Remember that credit is never free and can get quite expensive if you have a damaged credit history. Study the terms and conditions of any card that interests you so you know the fees associated with each before making a decision.

Some cards that are designed for consumers who have bad credit can charge setup and annual fees, as well as high interest rates and other charges. But with responsible usage, you can improve your score enough to graduate to a less expensive credit card.

What is a Good First Credit Card?

The key to finding a good first credit card is to pick an issuer you can grow with. This is where credit card newcomers can quickly become confused.

There’s a difference between your credit card issuer and your credit card network. Most of us have seen the Visa, Mastercard, and American Express logos. These are credit card networks — and they process card transactions for issuing banks.

Issuers are Capital One, Bank of America, Chase, Citibank, etc. Those are the issuing banks that are lending you the money on your credit card. They pay a fee to the network to process your transactions.

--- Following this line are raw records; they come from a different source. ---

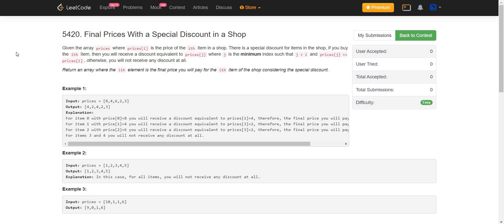Hello, welcome back to Leadcoding. Today we are solving final prices with a special discount in a shop.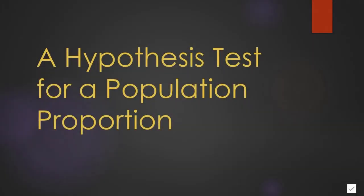Now that we know the characteristics of a sampling distribution of a proportion, we can use this information to create a hypothesis test for a population proportion.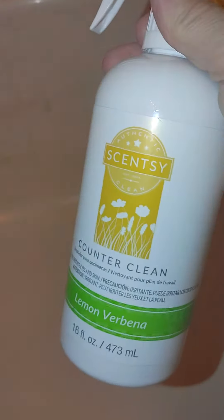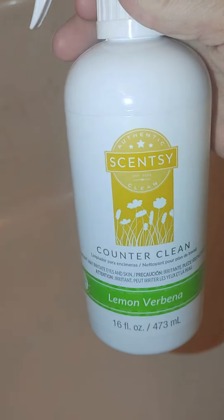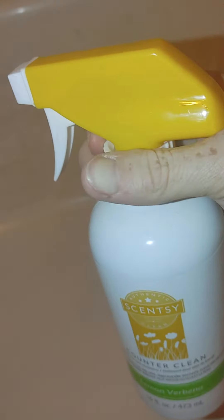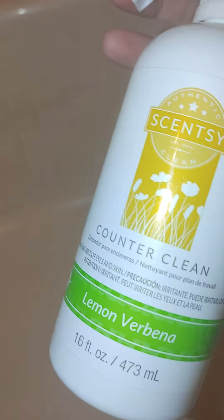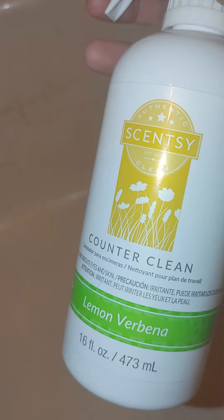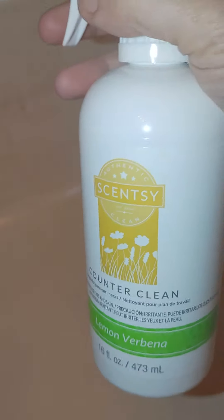So I am using our Counter Clean. This one happens to be an out-of-stock scent. We have several others.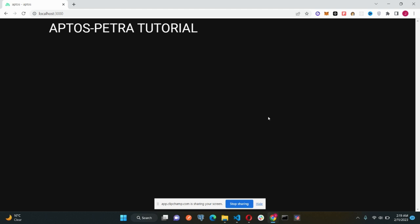Okay, so here we are with the Petra wallet ready and installed. I hope you guys have installed it already. If not, just comment down below and I will show you how to do that.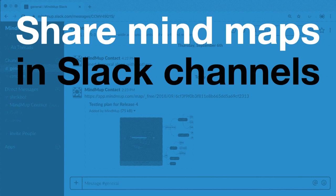If you like to use MindMup to take notes during meetings or prepare action plans, and use Slack to communicate with your team, you'll like our new Slack application.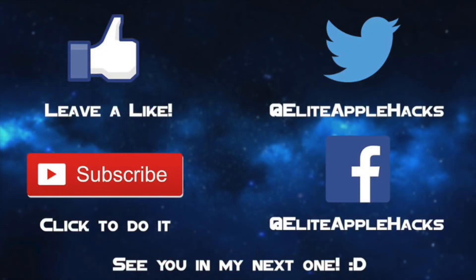So with that being said, if you like this tutorial go ahead and leave a like down below, also subscribe to get tutorials just like this in the future as well as a lot more jailbreak-related videos. Don't forget to also follow me on my Twitter page and my Facebook page to be informed on anything jailbreak-related and what's been going on in the jailbreak world. So with that being said, see you in my next video. This is Elite Apple Hacks, signing out.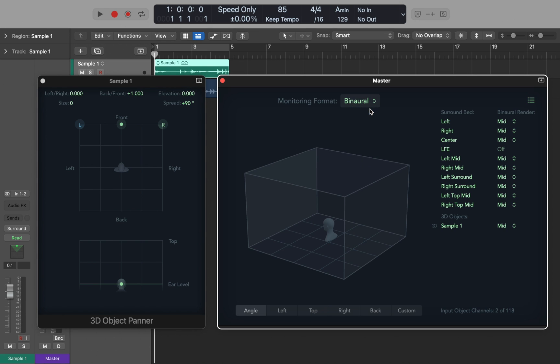Now, to actually hear the spatial audio in headphones, you will need to change the monitoring format to binaural. You can assign a value known as binaural render mode to each 3D object channel. This gives you more control over the perceived position of each sound.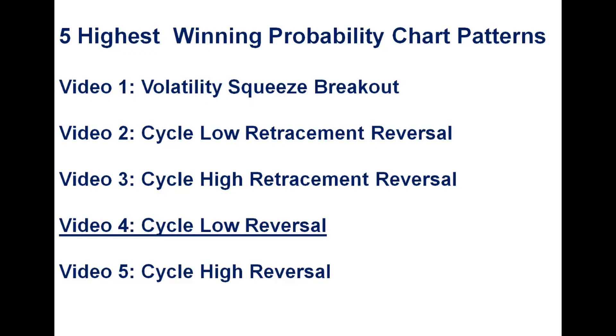This is the fourth video in this series on the five highest winning probability chart patterns. In this video, you'll see the cycle low reversal pattern. And just as a reminder, you can usually recognize these same chart patterns with whatever indicators you are currently using.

In some cases, a bank can also run its own network — think American Express and Discover.

When you choose your first credit card, keep your issuing bank in mind. Many larger banks offer cards for several types of consumers.

That means you can start with an entry-level card as your first piece of plastic. But, as your credit rating improves, you can graduate to better cards with higher limits without having to submit new applications and take on unnecessary hard inquiries.

Capital One, for example, offers cards for consumers with new or bad credit all the way up to excellent credit, and provides a bridge to get from one end of the credit score spectrum to the other.

Most issuers regularly check on entry-level cardholders to see if their credit score warrants a card upgrade. Capital One does this every six months. If you’ve improved your score enough, Capital One will automatically boost your credit limit or give you an outright upgrade to a better card — at no additional cost.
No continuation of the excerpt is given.